**Data records:**
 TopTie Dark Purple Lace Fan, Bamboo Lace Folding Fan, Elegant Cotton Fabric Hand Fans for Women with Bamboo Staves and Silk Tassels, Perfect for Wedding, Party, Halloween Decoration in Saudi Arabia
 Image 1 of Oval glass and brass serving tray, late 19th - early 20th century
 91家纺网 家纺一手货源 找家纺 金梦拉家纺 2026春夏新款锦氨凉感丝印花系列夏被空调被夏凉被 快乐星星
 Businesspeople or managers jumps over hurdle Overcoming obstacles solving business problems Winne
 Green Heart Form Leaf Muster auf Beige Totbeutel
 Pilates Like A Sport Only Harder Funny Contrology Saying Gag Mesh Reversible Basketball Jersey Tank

---

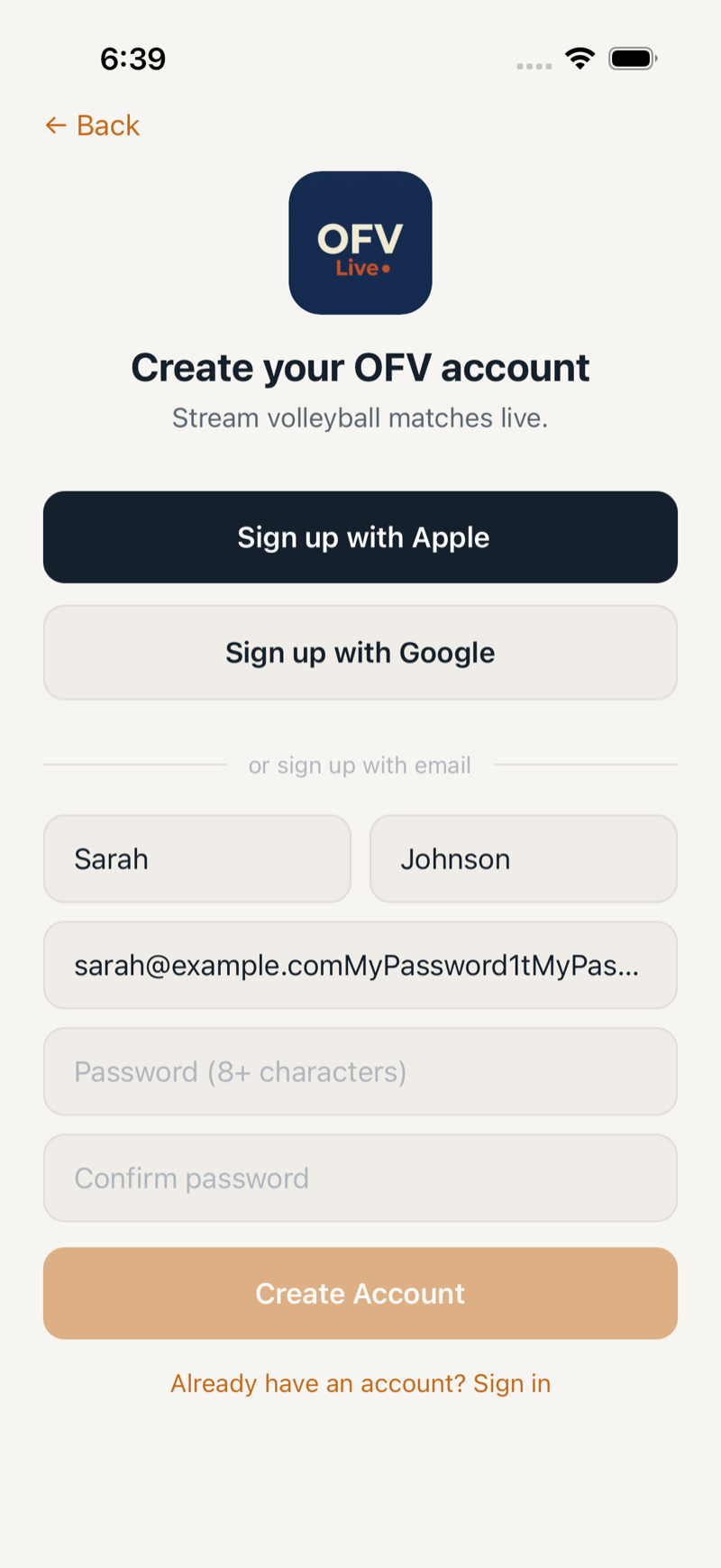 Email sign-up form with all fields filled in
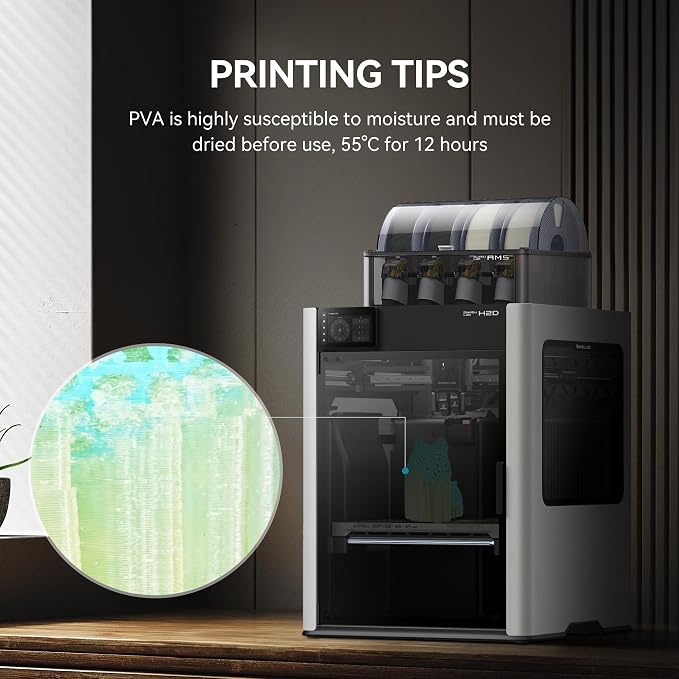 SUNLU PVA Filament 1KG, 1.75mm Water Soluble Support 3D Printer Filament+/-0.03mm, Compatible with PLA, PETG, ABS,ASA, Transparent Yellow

--

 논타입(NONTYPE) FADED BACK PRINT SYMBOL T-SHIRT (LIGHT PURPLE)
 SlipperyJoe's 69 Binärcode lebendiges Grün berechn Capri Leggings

**Problem description:**
Within the material above, output exactly the lines from the one with "TopTie Dark Purple" through the one with "Image 1 of Oval", end lines included, and nothing besides.

**Exercise response:**
 TopTie Dark Purple Lace Fan, Bamboo Lace Folding Fan, Elegant Cotton Fabric Hand Fans for Women with Bamboo Staves and Silk Tassels, Perfect for Wedding, Party, Halloween Decoration in Saudi Arabia
 Image 1 of Oval glass and brass serving tray, late 19th - early 20th century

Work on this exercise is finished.